Data block: Begin

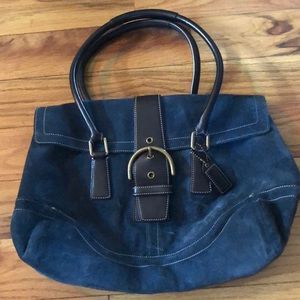 Navy Blue Suede Coach Bag- like new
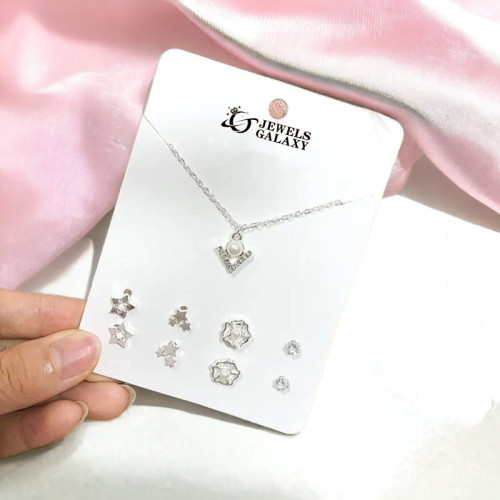 Arihant Stars inspired Silver Plated Multi-Piece Jewellery Set For Women & Girls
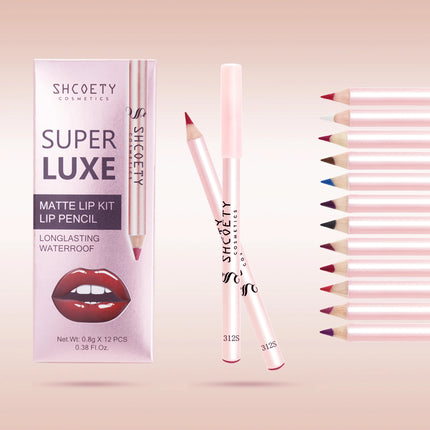 Matte Lip Liner Pencil Set of 12 Nude &Brown Shades Highly Pigmented Smooth Velvet Finish Long-Lasting Waterproof & Smudge-Proof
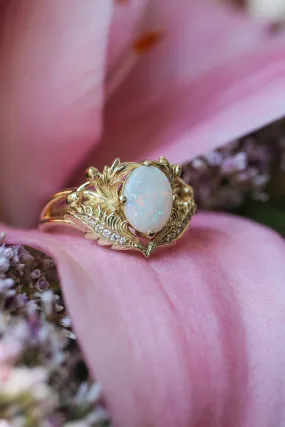 Opal and diamonds engagement ring / Adonis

Data block: End

→ Problem statement:
From the material above, write out exactly the lines from the line with "Arihant Stars inspired" through the closing line, inclusive, and no pictures.

→ Reply:
 Arihant Stars inspired Silver Plated Multi-Piece Jewellery Set For Women & Girls
 Matte Lip Liner Pencil Set of 12 Nude &Brown Shades Highly Pigmented Smooth Velvet Finish Long-Lasting Waterproof & Smudge-Proof
 Opal and diamonds engagement ring / Adonis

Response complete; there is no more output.